1. Jan 30th, 2008

    Rounded Corners - 187 (Breathing new life into …)

    Cross-pollinate. Andrew Chen on the rake-devel mailing list:

    I just released FRUIT, a FORTRAN unit testing framework on
    sourceforge. (https://sourceforge.net/projects/fortranxunit/)

    The FORTRAN stuff was not exciting, but those 2 points are worth mentioning:

    1. Rake is really a flexible build system. It can handle many things over make file, such as handling generated source codes. It is astonishing to compare the size of rakefile and makefile (about 30 lines vs. 500 lines). I used one technique of rake_base, so that all common tasks are defined in this file, and each rakefile includes it.

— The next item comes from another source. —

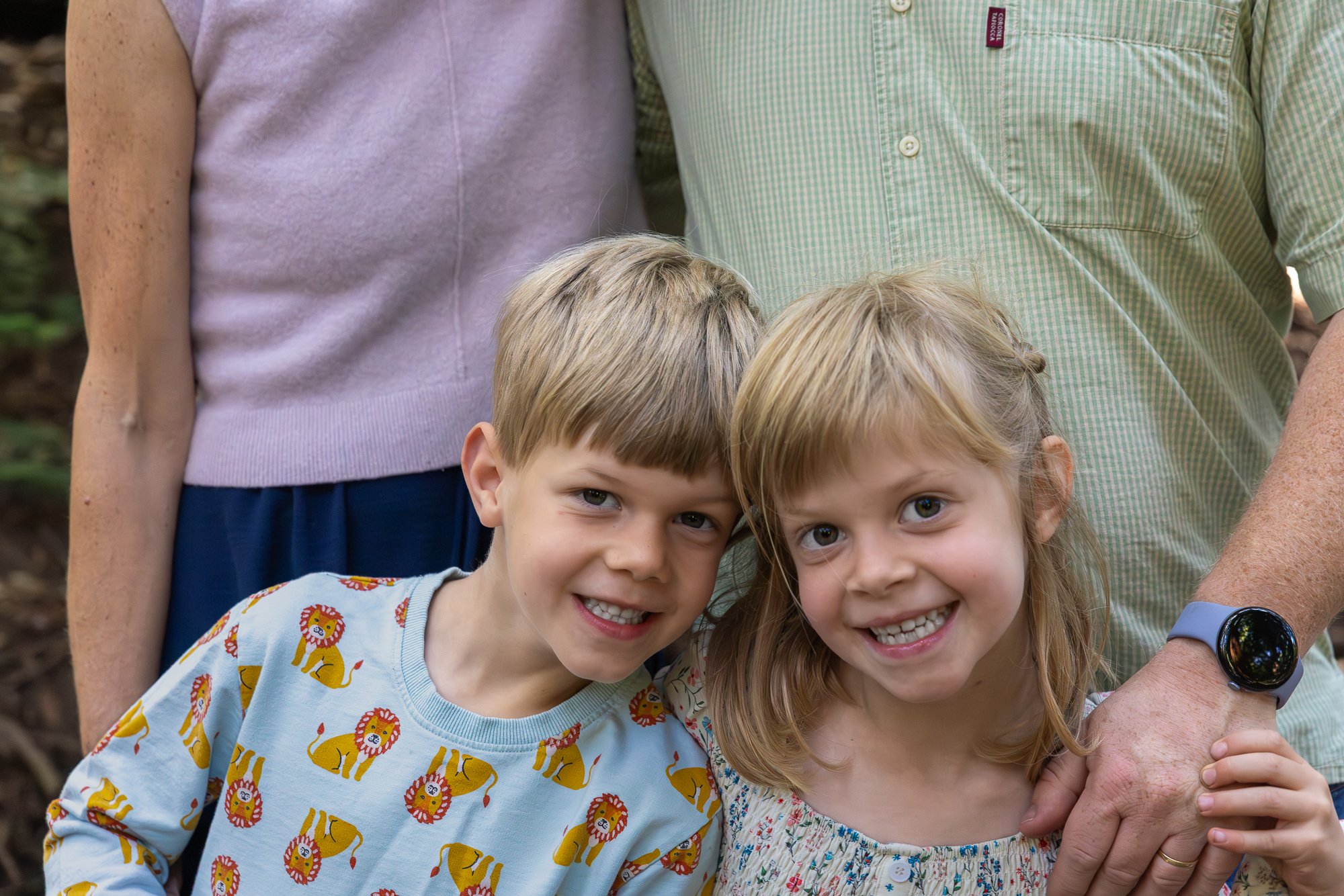 Two young children, a boy and a girl, smiling and standing close together outdoors. The boy is wearing a shirt with a lion print, and the girl is wearing a dress with a floral pattern. They are surrounded by adults, with parts of their torsos and arm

    2. I implemented rSpec features in FORTRAN, that is pretty cool :-) So that someone who have to do FORTRAN can make TDD, and executable requirements!

    Rails SDB. Martin Rehfeld adds another option for using Amazon’s SimpleDB from Rails. Much like DeHorrible, it’s a proxy service, and Martin shows you how to use it from ActiveResource. But DeHorrible is mainly “applying REST couldn’t be that hard, could it?” commentary/experiment, Martin’s code looks more like something you’ll want to use in real life.

    SOA lives on. Through the mainframe. Or was it, mainframe lives on through SOA? You’ve got to wonder, who’s hanging on to whom for dear life.

    Aguri. Two things binary radix trees can do. Search performance that depends on key size, not tree size. And lexicographic matching. Aguri starts there and adds heuristic to balance the tree into optimal search paths. Pretty nifty and I can think of a few use cases not specific to routing.

    Halting poetry. The halting problem explained in poetry. Wonderful and funny and only lacking a sound track.